PostProcessLoraTeacherSFT(name: str = None, dataset_name: str | None = None, dataset_config_name: str | None = None, data_files: str | list[str] | dict[str, str] | None = None, train_split: str = 'train', text_column: str = 'text', max_train_samples: int | None = None, max_length: int = 1024, shuffle_seed: int = 42, lr: float = 0.0001, epochs: int = 4, batch_size: int = 1, gradient_accumulation_steps: int = 16, weight_decay: float = 0.0, warmup_ratio: float = 0.03, logging_steps: int = 10, lora_r: int = 16, lora_alpha: int = 32, lora_dropout: float = 0.05, target_modules: tuple[str, ...] | None = None, output_dir: str | None = None, use_bf16: bool | None = None, sft_loss_weight: float = 1.0, teacher_loss_weight: float = 1.0, teacher_loss_type: str = 'kl', teacher_temperature: float = 1.0, teacher_model_id: str | None = None, teacher_model_path: str | None = None, teacher_dtype: str | None = None, teacher_device: str | None = None, cache_teacher_outputs: bool = False, teacher_cache_dtype: str | None = None, intermediate_block_loss_weight: float = 0.0, cache_intermediate_outputs: bool = False, intermediate_block_indices: tuple[int, ...] | None = None, intermediate_cache_dtype: str | None = None)

LoRA SFT with teacher-guided distillation enabled by default.

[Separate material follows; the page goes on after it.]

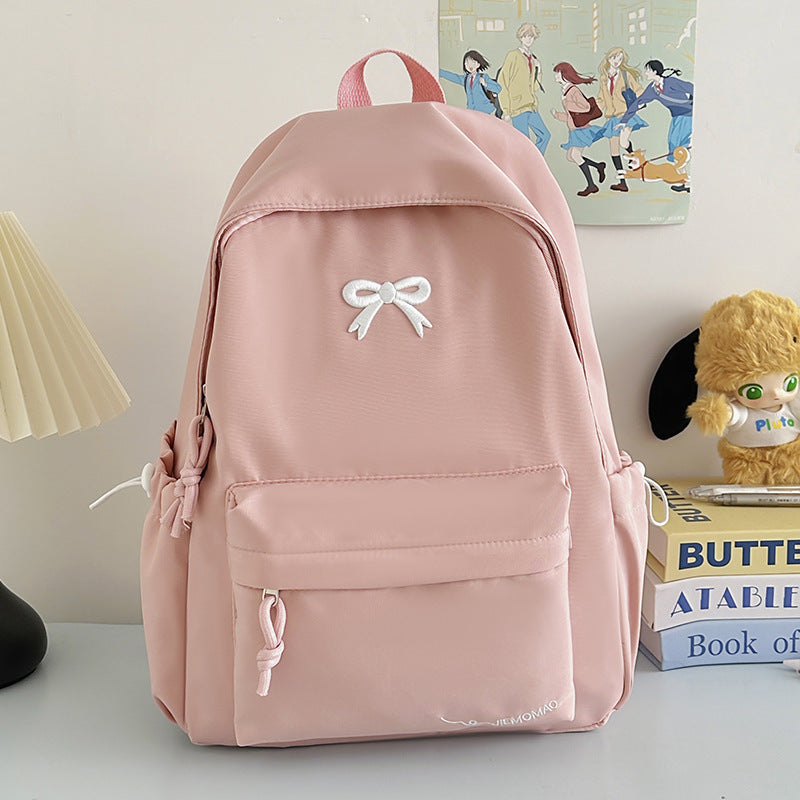 Chic Bow-Accent Backpack Stornfield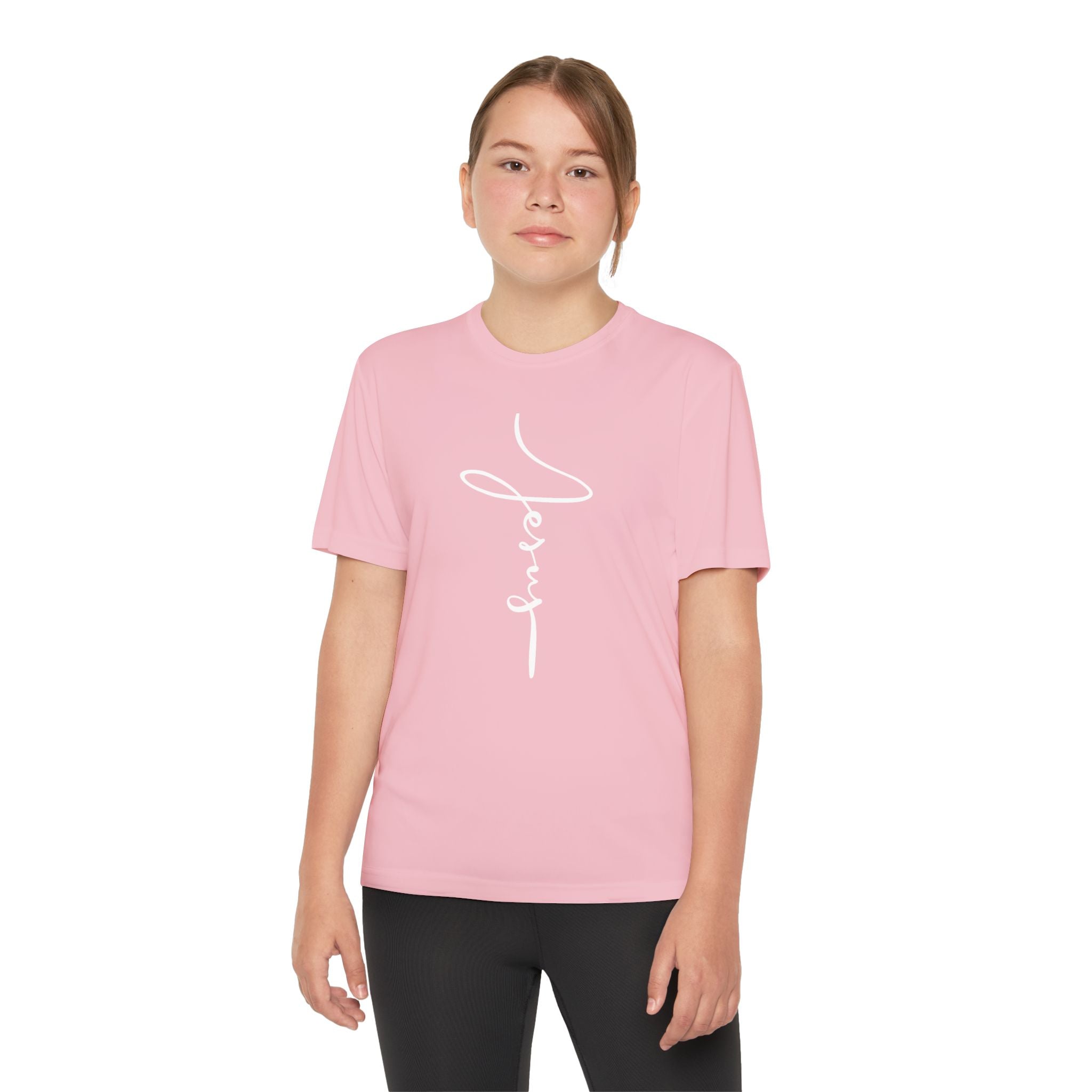 Jesus Youth Competitor Tee, Inspirational Youth Family T-Shirt, Motivational Sports Tee, Kids Athletic Shirt, Gift for Young Athletes, Encouragement Top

PostProcessLoraTeacherOnlySFT dataclass

PostProcessLoraTeacherOnlySFT(name: str = None, dataset_name: str | None = None, dataset_config_name: str | None = None, data_files: str | list[str] | dict[str, str] | None = None, train_split: str = 'train', text_column: str = 'text', max_train_samples: int | None = None, max_length: int = 1024, shuffle_seed: int = 42, lr: float = 0.0001, epochs: int = 4, batch_size: int = 1, gradient_accumulation_steps: int = 16, weight_decay: float = 0.0, warmup_ratio: float = 0.03, logging_steps: int = 10, lora_r: int = 16, lora_alpha: int = 32, lora_dropout: float = 0.05, target_modules: tuple[str, ...] | None = None, output_dir: str | None = None, use_bf16: bool | None = None, sft_loss_weight: float = 0.0, teacher_loss_weight: float = 1.0, teacher_loss_type: str = 'kl', teacher_temperature: float = 1.0, teacher_model_id: str | None = None, teacher_model_path: str | None = None, teacher_dtype: str | None = None, teacher_device: str | None = None, cache_teacher_outputs: bool = False, teacher_cache_dtype: str | None = None, intermediate_block_loss_weight: float = 0.0, cache_intermediate_outputs: bool = False, intermediate_block_indices: tuple[int, ...] | None = None, intermediate_cache_dtype: str | None = None)

LoRA SFT variant that optimizes only the teacher distillation loss.